- _Your task_: Pictures excluded, copy word for word the lines from the one holding "HELLA 8RA 003 326-041 Отражатель" through the last line below.

(Short web captions)
========

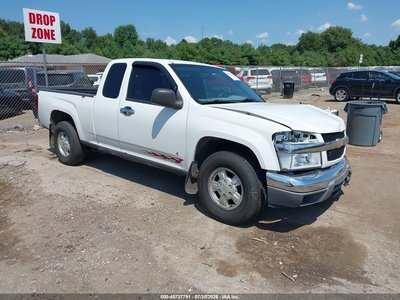 1GCCS196368****** 2006 Chevrolet Colorado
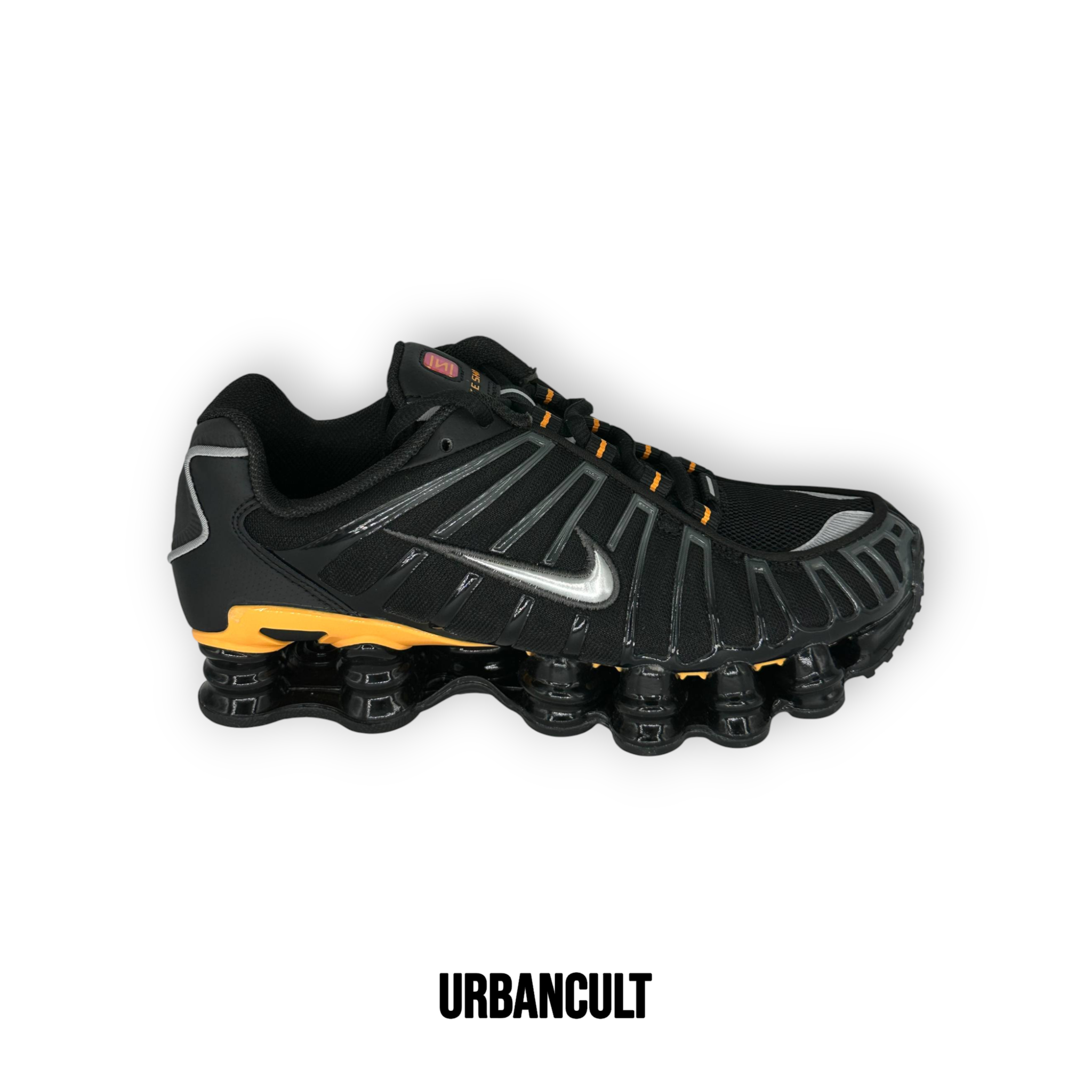 Nike Shox TL - Black Varsity Maize - Urban Cult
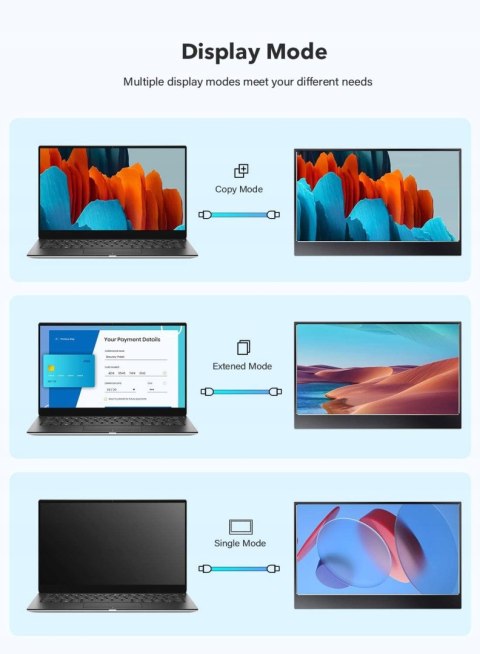 MONITOR EVICIV M156F20 15,6'' FULLHD PRZENOŚNY HIT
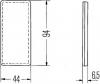 HELLA 8RA 003 326-041 Отражатель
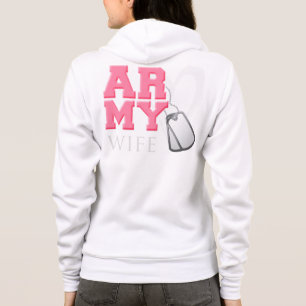AR-MY Wife Hoodie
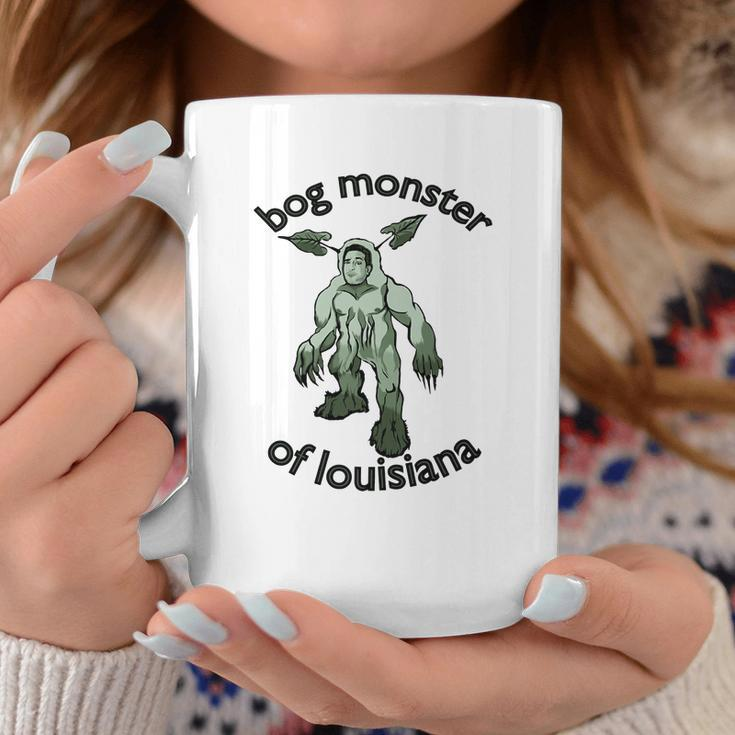 Bog Monster Of Louisiana Shirt Coffee Mug Personalized Gifts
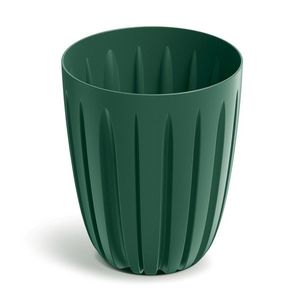 Prosperplast Květináč Warios tmavě zelený, varianta 13, 7 cm obraz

========

- _Answer for this exercise_:
 HELLA 8RA 003 326-041 Отражатель
AR-MY Wife Hoodie
 Bog Monster Of Louisiana Shirt Coffee Mug Personalized Gifts
 Prosperplast Květináč Warios tmavě zelený, varianta 13, 7 cm obraz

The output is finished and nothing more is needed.